The inability to make inroads in the Labour heartlands is the biggy. Tbh I can't see any party overcoming the hereditary voting in the South Wales valleys.


----------



## butchersapron (May 9, 2012)

Chemster said:
			
		

> The inability to make inroads in the Labour heartlands is the biggy. Tbh I can't see any party overcoming the hereditary voting in the South Wales valleys.



Rational voting.


----------



## Chemster (May 10, 2012)

butchersapron said:


> Rational voting.


 
Hasn't happened for decades. What's going to change?


----------



## trampie (May 20, 2012)

editor said:


> I really thought Plaid were going to do better.


Plaid Cymru as a rule of thumb don't do well when Welsh Labour do well, Plaid and Ms Wood's time will come all things being equal the General Election after the next one, probably in 2020.

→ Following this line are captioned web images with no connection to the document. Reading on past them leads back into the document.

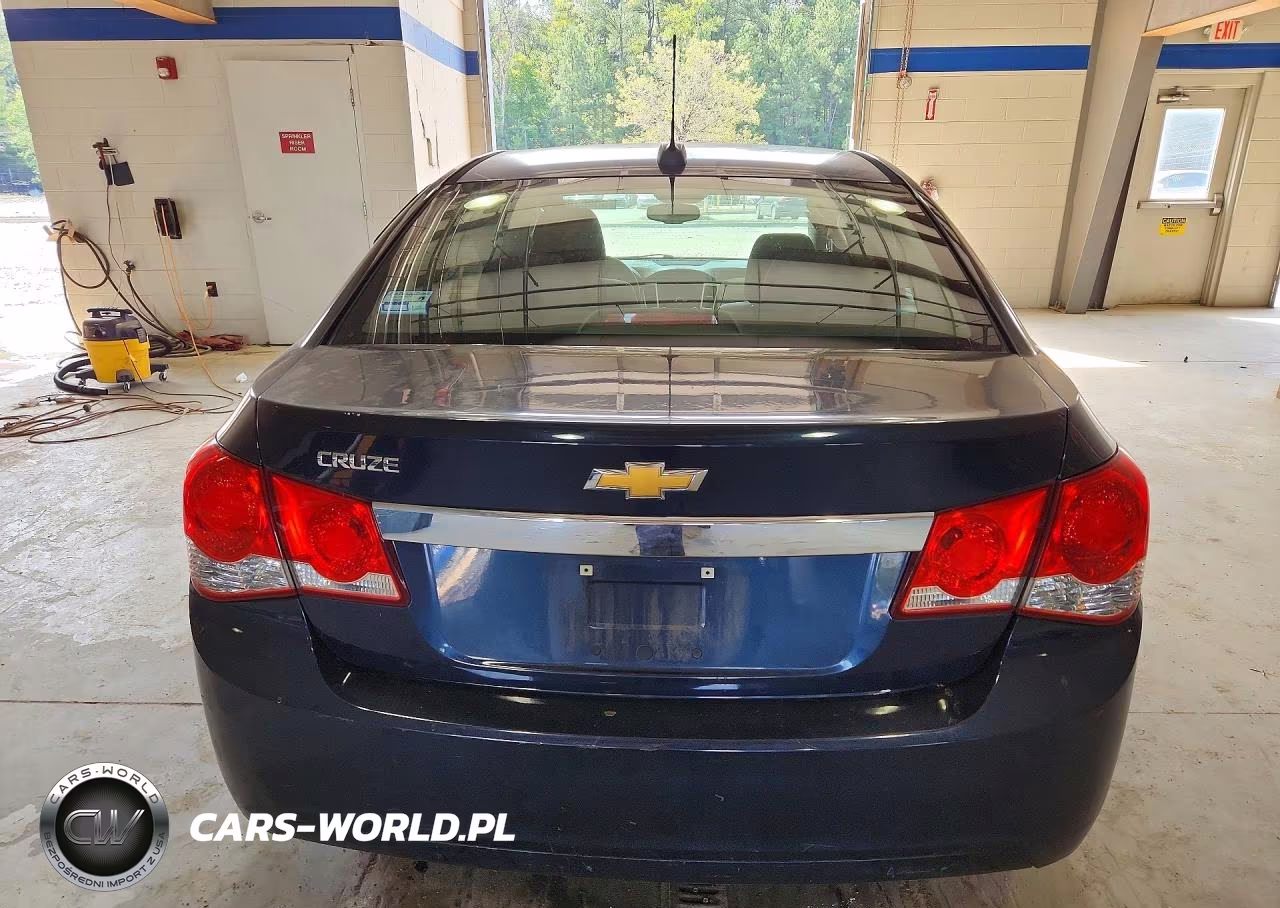2015 Chevrolet Cruze Ls VIN:1G1PA5SH0F7138240 - 6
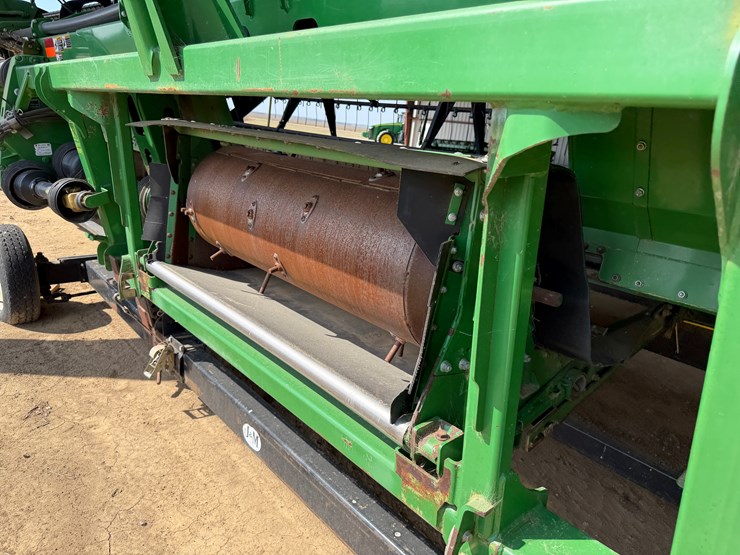 2014-john-deere-625d-image-10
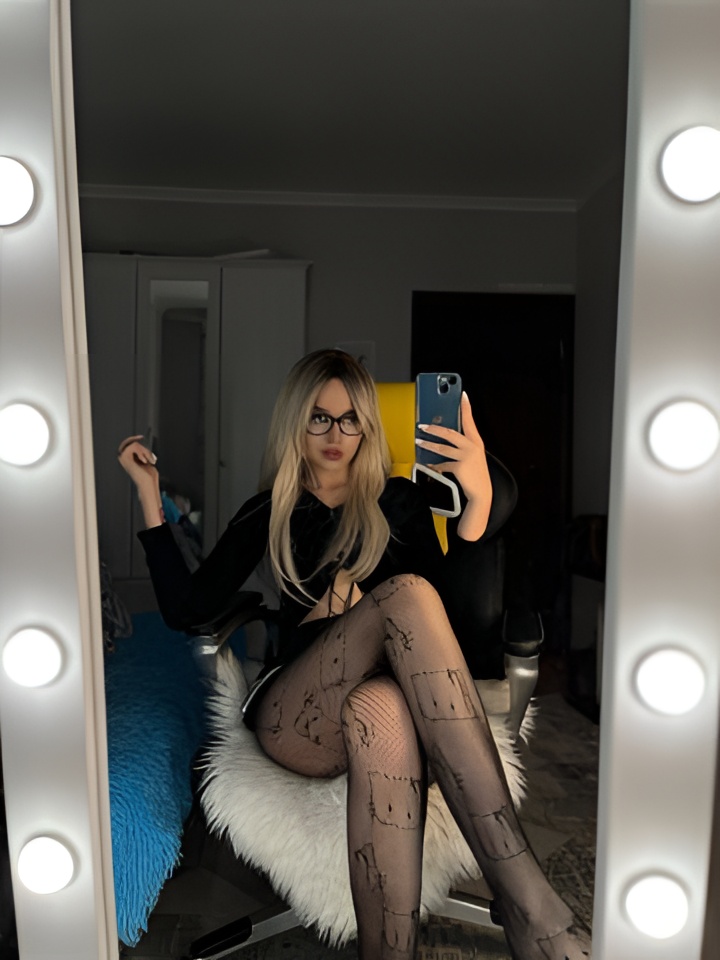 Фариза привлекательная девушка из Костромы цена от 3000 руб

If Labour were to win 2015 General Election and still be in power in the Welsh Assembly and if the economy is not good with a Westminster Labour government and a Labour Welsh Assembly Government in 2020 then that could be a good year for Plaid.


----------



## editor (May 20, 2012)

trampie said:


> Plaid Cymru as a rule of thumb don't do well when Welsh Labour do well, Plaid and Ms Wood's time will come all things being equal the General Election after the next one, probably in 2020.
> 
> If Labour were to win 2015 General Election and still be in power in the Welsh Assembly and if the economy is not good with a Westminster Labour government and a Labour Welsh Assembly Government in 2020 then that could be a good year for Plaid.


I think she's the most exciting political prospect to hit Wales for a very long time.


----------